Karen grinned. After explaining that she’d “written for all of them,” she mentioned the Tri-City Times. When Rod and I were out and about town, we picked up a copy. We paged through the paper looking for places to eat and shop, and we found them all there advertising their businesses. It really helped us embrace our new “hometown.”
Several months later, there was an ad in the paper looking for a part-time reporter. I circled the ad and said “that job is mine.”
Well, it wasn’t. A phone conversation with the then-editor made it clear to me that it wouldn’t be a good idea to work with the individual. I chose not to pursue it.
A few months later, I noticed a change in the editorship. Cathy Barringer was now at the helm. I took a chance and gave her a call. We set up a meeting, and the rest is history. My first byline appeared in Tri-City Times in September of 1994. Part of my “beat” was the Capac School District, along with Capac and Dryden village council meetings. I also tackled a number of ‘Spotlight’ assignments, as my strength was in feature writing, not hard news. The Spotlights were fun because they were in depth features with an entire page dedicated to telling the story. Multiple photos were also welcome. I loved it.

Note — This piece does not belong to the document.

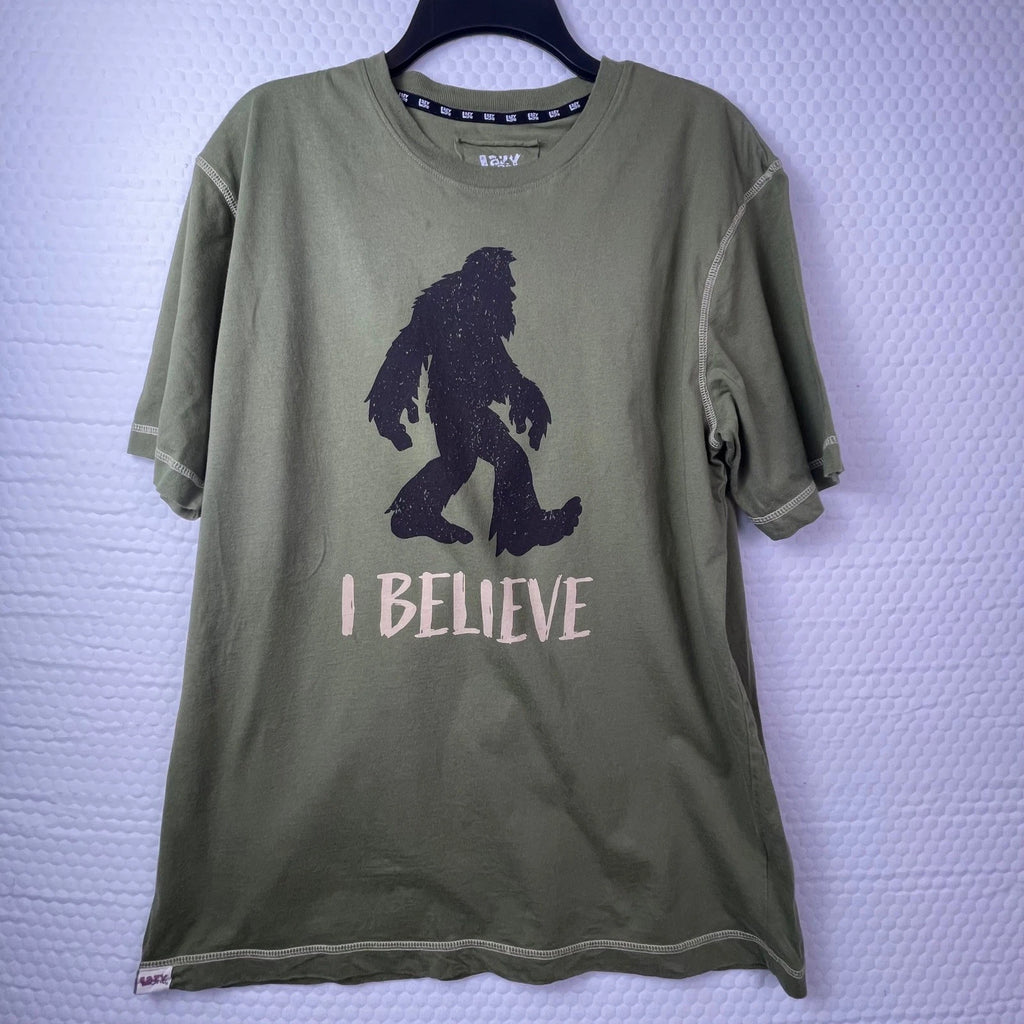 Lazy One Bigfoot I Believe Graphic T-Shirt Mens Medium Olive Green Sasquatch Tee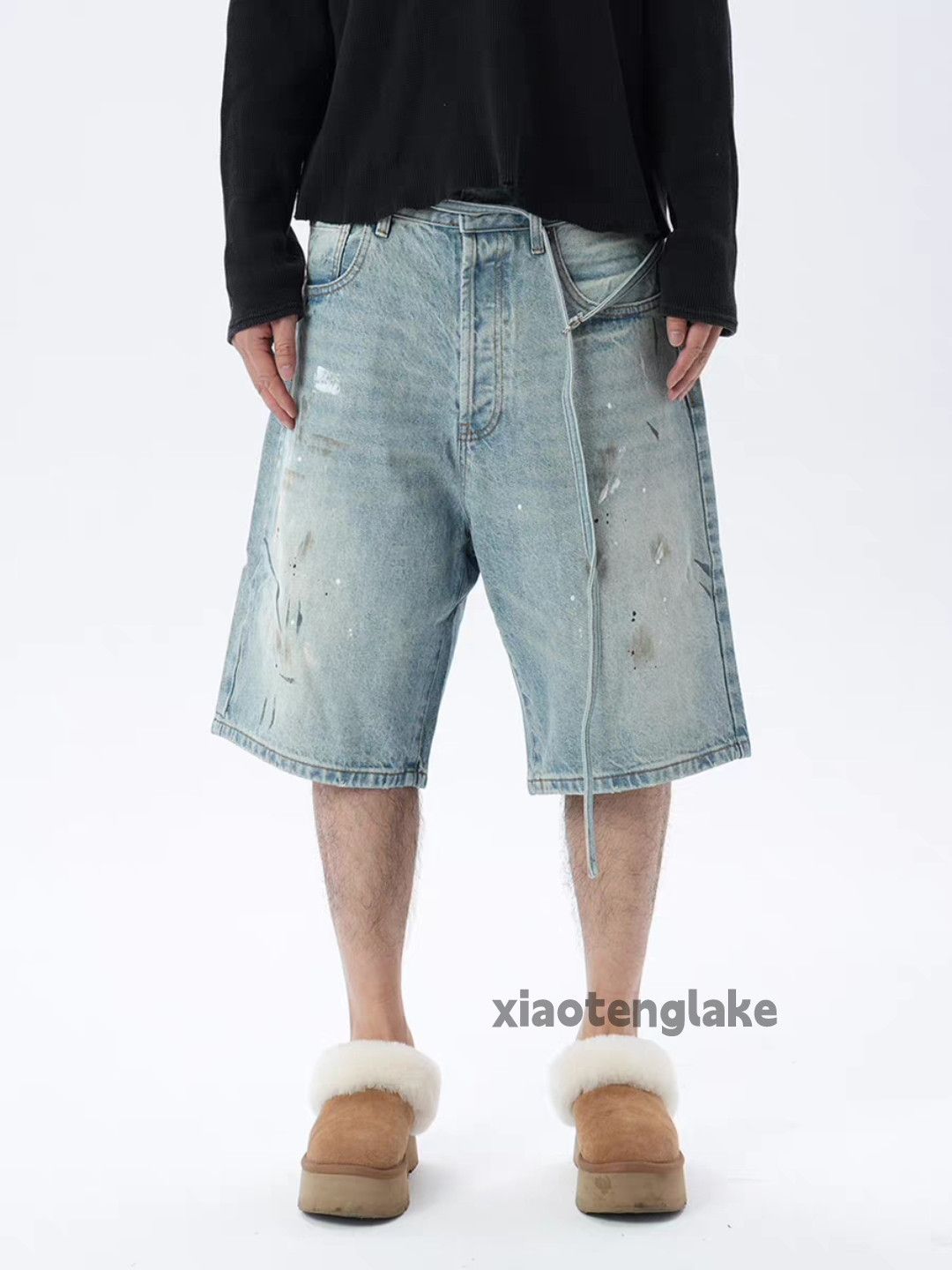Vintage Xz washed faded loose punk hiphop Stain shorts Size US 34 / EU 50 - 1 Thumbnail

When Cathy went on maternity leave a few years later, my esteemed colleague Tom Wearing took over the editor’s job. It was supposed to be temporary, but Cathy decided she wanted to stay home and raise her new baby. Tom was now the full time editor, and he offered me a full time job in 1998. The rest is, again, history.
I am one of the fortunate ones who has had the experience of living the dream, and now that I’m moving in another direction, it does indeed feel like just that. Some 24 years packed transformed overnight.